Hope that you can help me,
My mobile is 13717693791.
Thanks,

Puis je prends un taxi; direction : un marché, recommandé par la réception, dont l'adresse est écrite sur un bout de papier, en chinois, où je pourrai acheter un bracelet pour ma montre.
C’est le bon endroit. En entrant; c’est fait. Ma montre retrouve sa place au poignet.
J’en profite pour visiter les autres étages; Michèle m’a demandé de lui rapporter une veste matelassée en coton et comme ma valise est déjà remplie à pleine capacité, je décide d’en acheter une autre, petite qu’il me sera possible de traîner aisément. J’ai aussi en tête de retourner à la fabrique de soie de samedi dernier et de rapporter une couette en soie pour notre chambre à coucher. Dans ce building de 5 étages, les plafonds sont bas. Si j’ai le malheur de ralentir ou de m’arrêtai devant le moindre objet, les vendeuses de ces boutiques peu profondes et ouvertes sur des allées étroites m’offrent immédiatement un rabais alors que je n’ai encore rien demandé.
Soudain le décor me semble familier; au deuxième étage, surprise; je me retrouve, sans m'y être le moindrement attendu, là où Laurent, deux ans plus tôt, s’est fait faire deux habits qu’il n’aura jamais eu le plaisir d’étrenner: au marché de la soie, je suis.Je reconnais les enseignes où les tailleurs proposent la confection d’un habit sur mesure à peu de frais. Il me faut quelques secondes pour redonner une perspective au décor par le biais des photos fortement incrustées dans ma mémoire. Une ou deux figures me semblent familières. Je sors les cartes d’affaires conservées par Laurent, vérifie que je suis bien au bon endroit par le nom anglais des boutiques, leur montre une ou deux cartes. L’une des jeunes femmes reconnaît sa signature; elle a l’air tellement heureuse qu’elle ameute ses collègues qui se retrouvent à 4 ou 5 autours de moi; elle veut savoir comment il se fait que sa carte se trouve en ma possession.
-My son came here two years ago…and you made suits for him…But…
Je m’étrangle, ne peut retenir mes larmes…Il me faut de l'énergie et me resaisir.
-He died on the third ring road…
Elles me voient pour la première fois…J’en vois une ouvrir une petite armoire, sous un comptoir rempli de coupons de tissu, sortir trois papiers-mouchoirs de la boîte et me les tendre.
-Merci. Je m’excuse.
Je reviendrai avec son ordinateur leur montrer les photos. Elles sont émues, je le sens; pas de la même façon que moi.
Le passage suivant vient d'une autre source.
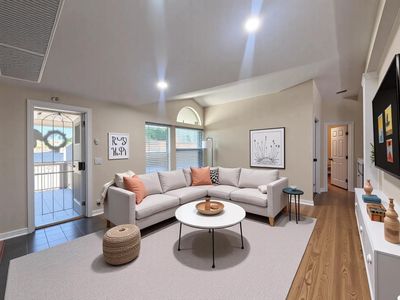 117 Fisk Ter #117, Fremont, CA, 94538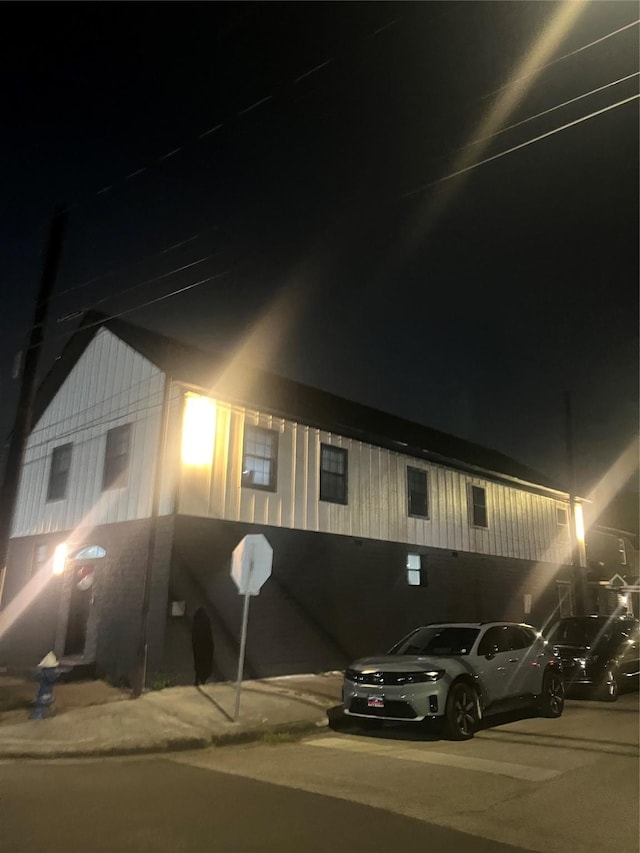 3140 Webster, Houston, TX 77004 - photo 29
La consul me téléphone et m’annonce qu’une traductrice va me rappeler plus tard pour me donner un rendez-vous le lendemain à l’ambassade : la police accepte de me rencontrer.
Je passe une partie de l’après-midi à tenter de retracer la fabrique de soie qui est à proximité du temple tibétain; je m’égare en me déplaçant à pieds. Je reprends un taxi.

Çà sonne. C’est le directeur de SOS International, le docteur Barrault.
-En sortant, votre fils a pris à gauche, et puis immédiatement à droite; on l’aurait alors perdu de vue. Une équipe a fait le tour de l’enclos et on a envoyé des taxis faire un tour pour tenter de le repérer…en agrandissant la zone de recherche graduellement.
-Merci, mais pourquoi ne pas avoir vérifié d’abord les trois sorties de cet enclos?
-Il n’y en a seulement qu’une de garder, devant le garage Volvo.
-Celle de l’arrière aussi, j’y ai pris des images hier.
-Elle ne l’était pas, il y a deux ans…Çà je puis vous l’assurer…
Cette conversation a-t-elle un sens?
Les taxis à sa poursuite ont bel et bien existé.
Laurent s’est échappé.
Heure de départ officiel de la Clinique : Entre 08 h 40 et 08 h 50.
L’ambassade canadienne a été prévenue immédiatement.

Heure d’enregistrement officiel du signalement de sa disparition, à l’ambassade : 09 h 30 selon la consul.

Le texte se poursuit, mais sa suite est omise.